LKBB Patih Bhayangkara Season 4 di Grobogan menjadi ajang besar yang menyatukan 56 regu pelajar dari berbagai daerah di Jawa Tengah. Di tengah persaingan antarsekolah, lomba ini menawarkan sesuatu yang lebih dari sekadar baris-berbaris, yaitu ruang pembinaan karakter yang dikemas secara kompetitif.
Ratusan pelajar memenuhi SMP Negeri 1 Purwodadi saat ajang yang menjadi bagian dari rangkaian peringatan Hari ke-80 Bhayangkara itu digelar oleh Polres Grobogan. Pesertanya datang dari tiga jenjang pendidikan, mulai dari SD/MI, SMP/MTs, hingga SMA/MA.
Pembinaan Karakter di Tengah Kompetisi
Pembukaan lomba dipimpin Kapolres Grobogan AKBP Ike Yulianto bersama Wakapolres Grobogan Kompol Muhammad Fadhlan.

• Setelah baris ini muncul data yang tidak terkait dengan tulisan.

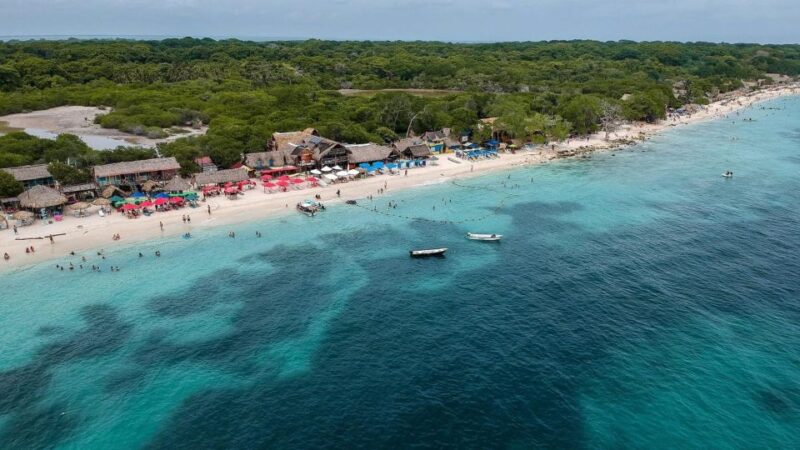Playa Blanca: Daytour With Snorkeling and Racoon Sighting - Itinerary Highlights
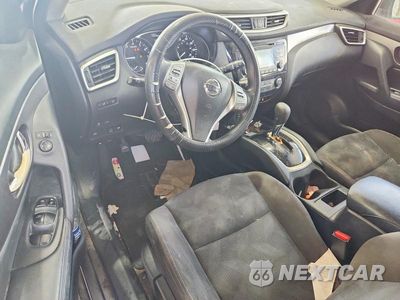 Zdjęcie 8 z 13 samochodu: 2016 NISSAN ROGUE S VIN:KNMAT2MV9GP594196 - miniatura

Dalam kegiatan ini, LKBB diposisikan sebagai bagian dari pembinaan pelajar yang menekankan disiplin, kepemimpinan, kekompakan, dan semangat nasionalisme.
Kasat Lantas Polres Grobogan AKP Kumala Enggar Anjarani menyebut LKBB Patih Bhayangkara bukan sekadar ajang adu gerak baris. Menurut dia, kegiatan itu disiapkan sebagai ruang positif bagi pelajar untuk mengembangkan potensi, meningkatkan sportivitas, dan membangun karakter generasi muda yang tangguh serta berintegritas.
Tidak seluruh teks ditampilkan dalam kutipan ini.